>>>

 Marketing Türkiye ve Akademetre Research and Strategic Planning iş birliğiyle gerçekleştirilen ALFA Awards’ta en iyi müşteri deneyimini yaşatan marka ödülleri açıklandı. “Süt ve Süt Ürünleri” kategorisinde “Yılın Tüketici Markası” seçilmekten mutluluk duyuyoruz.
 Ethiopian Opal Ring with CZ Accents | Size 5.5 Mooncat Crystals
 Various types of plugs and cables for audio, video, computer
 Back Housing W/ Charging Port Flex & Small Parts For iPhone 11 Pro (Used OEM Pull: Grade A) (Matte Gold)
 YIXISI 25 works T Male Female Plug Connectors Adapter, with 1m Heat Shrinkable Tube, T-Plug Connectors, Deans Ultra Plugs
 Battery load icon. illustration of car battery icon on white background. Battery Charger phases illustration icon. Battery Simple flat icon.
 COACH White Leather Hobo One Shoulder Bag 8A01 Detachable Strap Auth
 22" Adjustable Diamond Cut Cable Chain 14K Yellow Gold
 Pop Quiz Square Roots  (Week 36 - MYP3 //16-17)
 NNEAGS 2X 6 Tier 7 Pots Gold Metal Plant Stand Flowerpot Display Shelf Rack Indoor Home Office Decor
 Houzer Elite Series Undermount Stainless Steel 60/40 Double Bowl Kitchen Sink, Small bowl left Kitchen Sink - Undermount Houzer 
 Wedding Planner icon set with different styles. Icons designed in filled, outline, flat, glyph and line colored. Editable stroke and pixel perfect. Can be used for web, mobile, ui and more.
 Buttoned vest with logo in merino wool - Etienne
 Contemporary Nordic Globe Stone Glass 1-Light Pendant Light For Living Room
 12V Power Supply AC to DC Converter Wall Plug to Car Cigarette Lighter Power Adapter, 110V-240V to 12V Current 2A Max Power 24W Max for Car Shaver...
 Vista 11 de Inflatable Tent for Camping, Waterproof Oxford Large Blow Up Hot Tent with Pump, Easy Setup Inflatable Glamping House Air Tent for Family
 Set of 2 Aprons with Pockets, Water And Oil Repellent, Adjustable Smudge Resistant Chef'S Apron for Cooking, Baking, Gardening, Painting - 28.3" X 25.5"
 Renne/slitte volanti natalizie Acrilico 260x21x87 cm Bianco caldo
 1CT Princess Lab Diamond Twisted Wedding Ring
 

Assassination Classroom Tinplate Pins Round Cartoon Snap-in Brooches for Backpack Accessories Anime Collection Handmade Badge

<<<

# [Exercise brief]
If a line in the records above has the word "Adjustable", copy it.

# [Finished task]
 22" Adjustable Diamond Cut Cable Chain 14K Yellow Gold
 Set of 2 Aprons with Pockets, Water And Oil Repellent, Adjustable Smudge Resistant Chef'S Apron for Cooking, Baking, Gardening, Painting - 28.3" X 25.5"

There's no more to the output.